J’attaque en fin de semaine son dernier bébé, "Les aubes écarlates", toujours chez Plon.

Obambé

Liss a dit…

Salut Obambé,

J'ai moi aussi apprécié cette métaphore de la vie après la mort ou de la suite de la mort, à la fin du roman. Tous ceux qui combattent au nom d'un tel, est-ce qu'ils se sont posés la question de savoir ce qu'en pense, ou en penserait cet un tel ? Pour moi également, ce 3e est mon préféré, je verrai si c'est toujours le cas quand j'aurai lu Les aubes.
J'en profite pour te souhaiter d'excellentes fêtes de fin d'année.

Obambé a dit…

Hello Liss,

C’est vraiment la lecture de ce 3e roman qui m’a amené à lire les 2 1e qui ont reçu de superbes critiques aussi bien des pros (même si…) que de certains lecteurs autour de moi. Les 2 1e n’ont rien à voir avec le 3e. Et c’est peut-être aussi ce qui fait la force de l’écriture de cette dame qui n’hésite pas à jeter de gros pavés dans la mare. La musique, ah ! la musique ! Je relis très rarement les romans, mais je pense que celui-ci, dans 2 ans au grand max, je le relirai. La rencontre entre cette Caribéenne et ce jeune africain (Kamerunais ?) est tout simplement un moment exceptionnel. Bien raconté. Et puis, mon petit côté sadique aime bien ces histoires très complexes, compliquées, entre les non-dits de l’un et les attentes plus ou moins effrénées de l’autre (souvent la femme d’ailleurs, étrange, isn’t ?).

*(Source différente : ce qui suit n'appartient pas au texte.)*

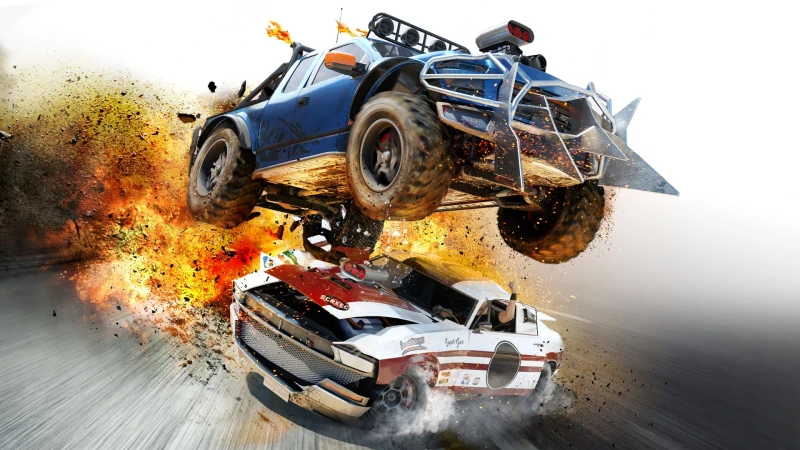 FlatOut 4 : Total Insanity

Buanana 2010 à toi et aux lecteurs de ton blog. J’ai vu que tu as posté un truc sur Tati Loutard : eh ! ben, tu performes (si je puis utiliser cet horribles néologisme)!

Obambé

Françoise a dit…

bonjour,
moi je l'ai trouvé vraiment complexe ce livre, très noir, c'est celui que j'aime le moins de Léonora Miano, mais j'ai l'impression que c'est celui qui laisse le moins indifférent et que on l'aime beaucoup ou bien ça passe difficilement.En tous les cas, on y retrouve cette écriture magnifique, commune à tous ses livres .

Liss a dit…

On est d'accord sur deux choses, chère Françoise : l'écriture de cette auteure est magnifique, et aussi ses livres ne laissent pas insensibles, pas seulement ce 3e, mais tous, il me semble : ils ne s'oublient pas. Que ça nous dérange ou que ça nous épate, les lectures de Miano marquent. Ceci dit, je n'ai pas encore lu les aubes écarlates ni le tout dernier Blues pour Elise, je parie que tu es en avance sur moi, tu as sans doute goûté ces deux derniers romans, comment les as-tu trouvés ? J'ai juste lu la critique de Gangoueus sur ces deux-là...

Françoise a dit…

Bonsoir Liss,
il n'y a pas longtemps que j'ai découvert Léonora Miano, et c'est très bien, il me reste quelques livres à ....savourer.J'ai commencé sa trilogie par le dernier, les aubes écarlates, très dur mais vraiment ça m'a donné un choc, ensuite j'ai lu le premier (pas très logique mais j'aime la contradiction !), qui est pour un premier roman un chef-d'oeuvre abouti, il me reste à lire "contours du jour qui vient" .Mais de tous celui que je préfère , même s'il peut sembler moins polémique , c'est "blues pour Elise", un pur régal avec l'écriture subtile et sans la rage à laquelle elle nous a habitué (c'est mon point de vue qui n'engage que moi !). As-tu remarqué le point commun dans le choix des titres : jour, aubes, astre, nuit....? j'aime cette femme engagée qui ne mâche pas ses mots et qui cache sous une couche de colère une sensibilité profonde !

Liss a dit…

Moi c'est plutôt une logique à l'envers : j'ai lu les trois premiers romans et ma préférence va dans l'ordre décroissant : le 3e d'abord, le 2e puis le premier. Je me souviens d'une émission littéraire (n'était-ce pas Vol de nuit ?) où l'un des écrivains invités chantaient les louanges des Contours du jour qui vient au lieu de parler de son propre roman, c'est dire combien l'écriture de Miano est belle.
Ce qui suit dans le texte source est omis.